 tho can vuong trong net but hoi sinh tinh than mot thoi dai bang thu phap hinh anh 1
•••••
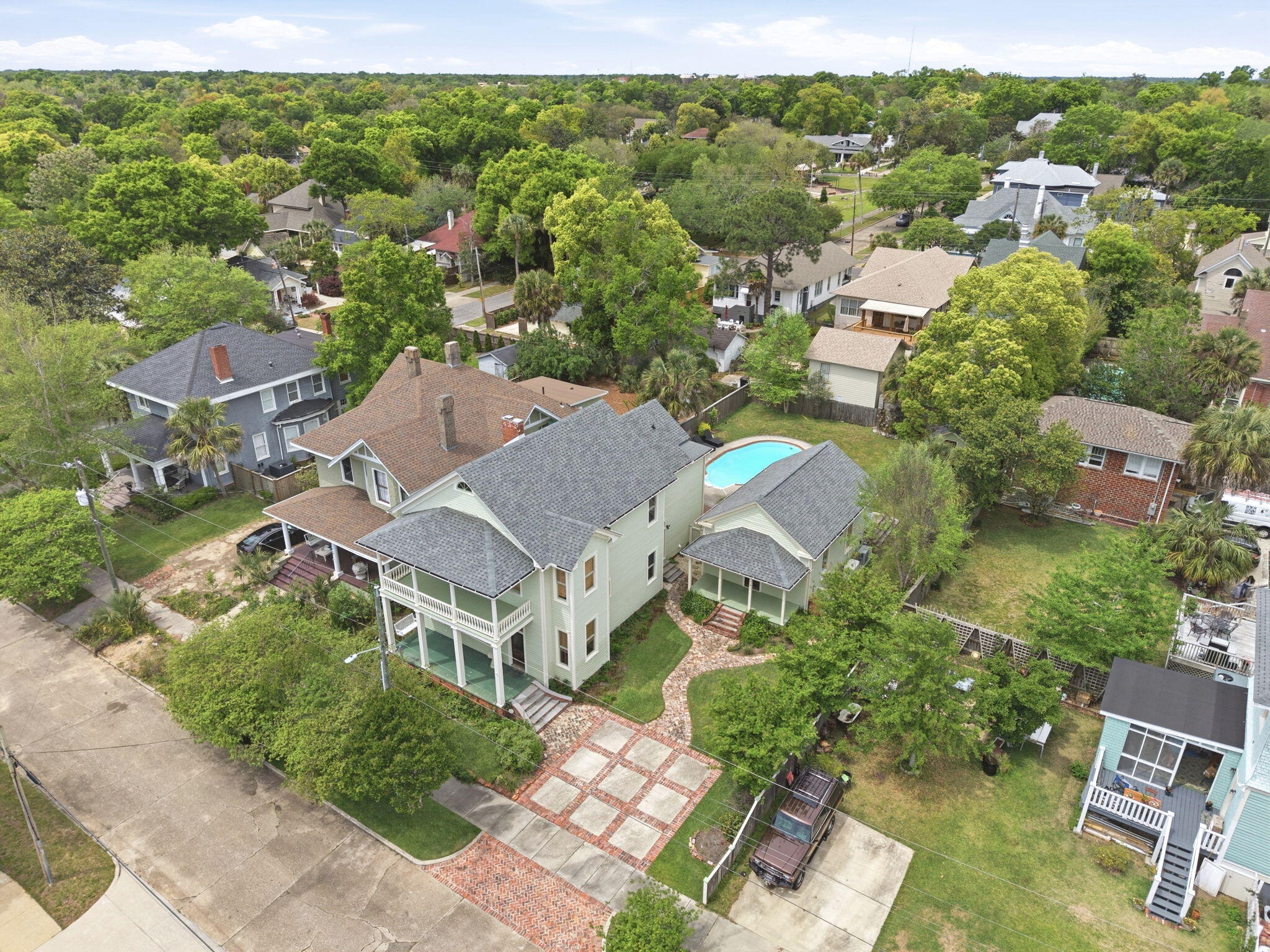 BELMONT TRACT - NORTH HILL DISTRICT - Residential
•••••
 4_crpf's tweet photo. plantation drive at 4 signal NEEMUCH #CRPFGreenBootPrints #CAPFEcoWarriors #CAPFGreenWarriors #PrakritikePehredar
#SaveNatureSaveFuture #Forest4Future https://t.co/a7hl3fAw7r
•••••
**Work to complete**:
Would you copy, unchanged, the stretch of the records above that begins at the line containing "4_crpf's tweet photo." and ends at the line containing "#SaveNatureSaveFuture #Forest4Future https://t.co/a7hl3fAw7r", and only that?

**Exercise answer**:
 4_crpf's tweet photo. plantation drive at 4 signal NEEMUCH #CRPFGreenBootPrints #CAPFEcoWarriors #CAPFGreenWarriors #PrakritikePehredar
#SaveNatureSaveFuture #Forest4Future https://t.co/a7hl3fAw7r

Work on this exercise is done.